The future of plastics

New software could help transform the budding bioplastics industry.

By Brittany St. Jacques | July 25, 2022

Abstracts Turtle Opt

More than 380 million tons of plastic waste is generated worldwide each year. Approximately half of this waste is single-use plastics, which are typically made with chemicals sourced from fossil fuels, such as petroleum. Single-use plastics are generally used once and then discarded. Few are recycled, an often-tedious process that uses tremendous resources. Most end up in landfills and are discarded into the environment, where they are a significant source of pollution, taking decades to degrade.

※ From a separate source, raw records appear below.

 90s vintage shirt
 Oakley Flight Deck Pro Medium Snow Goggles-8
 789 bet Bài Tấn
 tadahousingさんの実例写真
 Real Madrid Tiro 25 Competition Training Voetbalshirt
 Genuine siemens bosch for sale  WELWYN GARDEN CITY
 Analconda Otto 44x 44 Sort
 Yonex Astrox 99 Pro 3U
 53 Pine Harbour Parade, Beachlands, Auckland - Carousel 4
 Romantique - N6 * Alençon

“As a society, we generate a staggering amount of plastic waste, with severe consequences on the environment and human health,” says Joseph H. Dumont, an engineer at Los Alamos National Laboratory. “We could mitigate the overwhelming problem of petroleum-derived plastic pollution with the development of bioplastics that safely, completely biodegrade.”

Bioplastics are made from renewable resources and can more easily be broken down to recycle or degrade. However, currently available biopolymers—essentially the building blocks of bioplastics—need significant research and development (R&D) to have the functionality to compete with and replace petroleum-derived plastics. R&D is an exhaustive, expensive process that cycles continuously as researchers work toward polymer optimization, without any guarantee of success.

“We are still decades away from developing large-scale, competitive bioplastic options,” Dumont says.

That’s why Dumont and a team of researchers at Los Alamos have created BioManIAC (Bioplastics Manufacturing with Intelligent Adaptive Control), a software platform that integrates machine-learning and big-data approaches to rapidly discover new biopolymers and enable plastic producers to more quickly transition to sustainable bioplastics.

Carl Iverson@2x
Carol Iverson, of the Lab's Inorganic Isotope and Actinide Chemistry group, analyzes a polymer solution using a special type of spectrometer that uses magnetic fields to identify molecular structures.


BioManIAC fills the gaps in polymer data to gain insight into polymer properties and predict new polymer structures. BioManIAC guides researchers to the most promising polymers and limits real-world experiments to those few necessary to validate the machine-learning platform’s predictions. In this way, BioManIAC reduces development costs up to 75 percent and accelerates the discovery of new bioplastics, at a rate about ten times faster than traditional R&D.

“BioManIAC accelerates the development of new bioplastics, using a machine learning–based approach to predict biopolymer structures with the desired features necessary to replace conventional plastics,” Dumont explains. “These new bioplastics will help us reduce our impact on the environment now and for generations to come.”